# so what will happen if my dog don't complete this 4 shots?



## Juramentado (Sep 24, 2012)

on october 5 i took my dog to the vet to get his 5in1.
instead, my vet recommended me to get a 6in1(with coronavirus) for an initial shot.
then my vet said to ensure the safe of my dog. there has to be 4 shots.
so 2 weeks after that, i went in to get my dog a 5in1. followed by another one, two weeks after.
so in total, my dog has gotten 3 shots already.

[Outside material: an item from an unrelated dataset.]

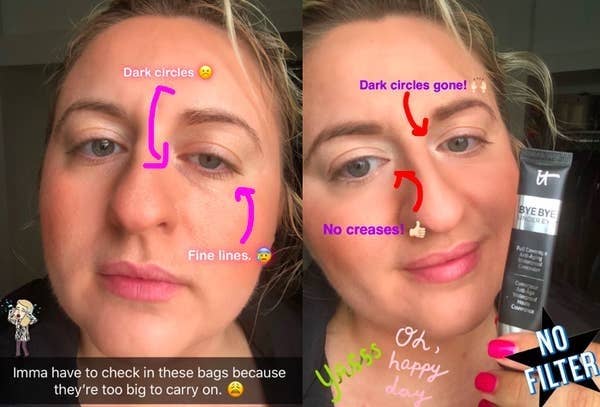 A before image showing a BuzzFeed writer with darker circles and fine lines, and an after image of them holding the concealer tube and showing that the dark circles and fine lines are gone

he's scheduled to get his last shot on november 17. when suddenly i got curious. why does it need to be 4 shots? what if we stop at 3?
i also stumbled a thread in here that says frequent vaccinations could be hazardous for dogs. 

enlighten me


----------



## samshine (Mar 11, 2011)

I am one of those that is concerned about unnecessary vaccinations, but all puppies NEED to get the complete series for distemper and parvo. (for your info, the corona virus was completely unnecessary. it does not make dogs sick except for tiny puppies that are too young to vaccinate.)

The series of vaccines is confusing, I'll try to give a brief explanation. It is not the number of vaccines the puppy gets, it is the age of the puppy that counts. Puppies get antibodies for parvo and distemper from their mother when they get them in their mother's milk in the first day of life. For each individual puppy, it is not clear how much of the antibodies they got. Depends on the mother's levels and how much they got to nurse. So that means we don't know when the levels are going to drop down for each puppy. If the levels in the pup are still high, they will neutralize the modified virus in the vaccine and the puppy's immune system will not be stimulated to develop its own immunity. When you vaccinate puppies at 8-9 weeks, statistically about 60% of those puppies will develop long lasting immunity. We wait about three to four weeks and vaccinate again. By then the maternal immunity has dropped down in most, but not all, the puppies that didn't develop immunity for the first shot, and then they are protected. A small percentage of puppies won't get immunity with that shot at about 12 weeks. For those puppies, a final vaccine at 15-16 weeks is needed.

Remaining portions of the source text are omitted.